And finally, arranging the identification content corresponding to each character image according to the position of each character image in the processed identification image to obtain the identification code corresponding to the positioning identification.

Optionally, the letter recognition model and the number recognition model described in the embodiment of the present invention may be obtained based on the training of the ResNet101 neural network.

And S120, converting the reference image into a depth map, and calculating an estimated distance between the to-be-positioned location and the position of each positioning mark based on the depth map.

And after the position coordinates of each positioning mark are obtained, the reference image is further converted into a depth map, and the estimated distance between the to-be-positioned location and the position of each positioning mark is calculated based on the depth map. For the specific process of calculating the estimated distance according to the depth map, reference may be made to the prior art implementation, and details thereof are not described here.

And S130, determining the position coordinates of the to-be-positioned location according to the estimated distances and the position coordinates of the positioning marks, and completing positioning.
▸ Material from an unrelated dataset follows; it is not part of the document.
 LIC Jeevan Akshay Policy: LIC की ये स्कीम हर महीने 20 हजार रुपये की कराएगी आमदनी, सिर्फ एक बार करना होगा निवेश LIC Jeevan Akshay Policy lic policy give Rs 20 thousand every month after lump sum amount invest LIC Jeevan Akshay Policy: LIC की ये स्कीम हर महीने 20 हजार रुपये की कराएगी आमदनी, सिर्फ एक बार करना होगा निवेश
Optionally, referring to fig. 2, fig. 2 is a schematic diagram of a principle of triangulation in the real-time high dynamic fusion positioning method provided by the embodiment of the present invention. With reference to fig. 2, after obtaining the estimated distance between the location to be located and each location identifier and the location coordinates of each location identifier, the location coordinates of the location to be located can be determined based on the triangulation locating principle, and the location is completed.

Based on the principle of triangulation, the specific implementation process of determining the position coordinates of the location to be positioned can be implemented by referring to the prior art, which is not limited by the invention.

Optionally, for convenience of subsequent navigation route generation, after the position coordinate of the location to be positioned is determined, the determined position coordinate may be corrected, for example, in a scene of a parking lot, the position coordinate of the location to be positioned is located at an edge position of a lane, and the position coordinate may be corrected to a lane central line position.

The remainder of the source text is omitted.